◆ Assignment ◆
Everything from the line containing "1:35 Resin Barrel" through the last line of the records below should be printed exactly, please, and nothing else.

###

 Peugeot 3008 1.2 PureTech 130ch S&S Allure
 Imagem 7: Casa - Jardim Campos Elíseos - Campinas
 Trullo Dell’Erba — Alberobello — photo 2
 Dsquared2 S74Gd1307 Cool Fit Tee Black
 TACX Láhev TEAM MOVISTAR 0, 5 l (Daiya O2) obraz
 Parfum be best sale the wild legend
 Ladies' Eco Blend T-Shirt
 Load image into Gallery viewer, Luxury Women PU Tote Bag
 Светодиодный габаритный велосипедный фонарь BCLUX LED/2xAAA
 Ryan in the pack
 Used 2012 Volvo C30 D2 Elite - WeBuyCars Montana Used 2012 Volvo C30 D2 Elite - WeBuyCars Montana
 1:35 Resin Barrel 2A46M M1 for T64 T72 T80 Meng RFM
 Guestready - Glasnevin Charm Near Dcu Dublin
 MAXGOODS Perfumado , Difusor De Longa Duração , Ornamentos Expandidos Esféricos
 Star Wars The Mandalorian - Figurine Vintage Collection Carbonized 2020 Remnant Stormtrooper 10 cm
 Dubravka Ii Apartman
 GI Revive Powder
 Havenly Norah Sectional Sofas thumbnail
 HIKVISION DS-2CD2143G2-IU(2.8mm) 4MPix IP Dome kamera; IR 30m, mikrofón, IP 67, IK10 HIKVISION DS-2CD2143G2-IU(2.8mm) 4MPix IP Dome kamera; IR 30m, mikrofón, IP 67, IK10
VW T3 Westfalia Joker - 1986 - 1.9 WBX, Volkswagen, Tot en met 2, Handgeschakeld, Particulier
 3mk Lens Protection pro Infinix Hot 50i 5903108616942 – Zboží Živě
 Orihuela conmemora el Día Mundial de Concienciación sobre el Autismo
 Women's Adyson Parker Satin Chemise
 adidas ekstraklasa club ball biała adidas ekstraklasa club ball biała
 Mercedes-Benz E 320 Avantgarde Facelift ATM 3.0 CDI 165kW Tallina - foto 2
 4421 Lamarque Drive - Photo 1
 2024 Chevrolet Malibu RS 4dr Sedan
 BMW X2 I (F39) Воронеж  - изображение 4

###

◆ Response ◆
 1:35 Resin Barrel 2A46M M1 for T64 T72 T80 Meng RFM
 Guestready - Glasnevin Charm Near Dcu Dublin
 MAXGOODS Perfumado , Difusor De Longa Duração , Ornamentos Expandidos Esféricos
 Star Wars The Mandalorian - Figurine Vintage Collection Carbonized 2020 Remnant Stormtrooper 10 cm
 Dubravka Ii Apartman
 GI Revive Powder
 Havenly Norah Sectional Sofas thumbnail
 HIKVISION DS-2CD2143G2-IU(2.8mm) 4MPix IP Dome kamera; IR 30m, mikrofón, IP 67, IK10 HIKVISION DS-2CD2143G2-IU(2.8mm) 4MPix IP Dome kamera; IR 30m, mikrofón, IP 67, IK10
VW T3 Westfalia Joker - 1986 - 1.9 WBX, Volkswagen, Tot en met 2, Handgeschakeld, Particulier
 3mk Lens Protection pro Infinix Hot 50i 5903108616942 – Zboží Živě
 Orihuela conmemora el Día Mundial de Concienciación sobre el Autismo
 Women's Adyson Parker Satin Chemise
 adidas ekstraklasa club ball biała adidas ekstraklasa club ball biała
 Mercedes-Benz E 320 Avantgarde Facelift ATM 3.0 CDI 165kW Tallina - foto 2
 4421 Lamarque Drive - Photo 1
 2024 Chevrolet Malibu RS 4dr Sedan
 BMW X2 I (F39) Воронеж  - изображение 4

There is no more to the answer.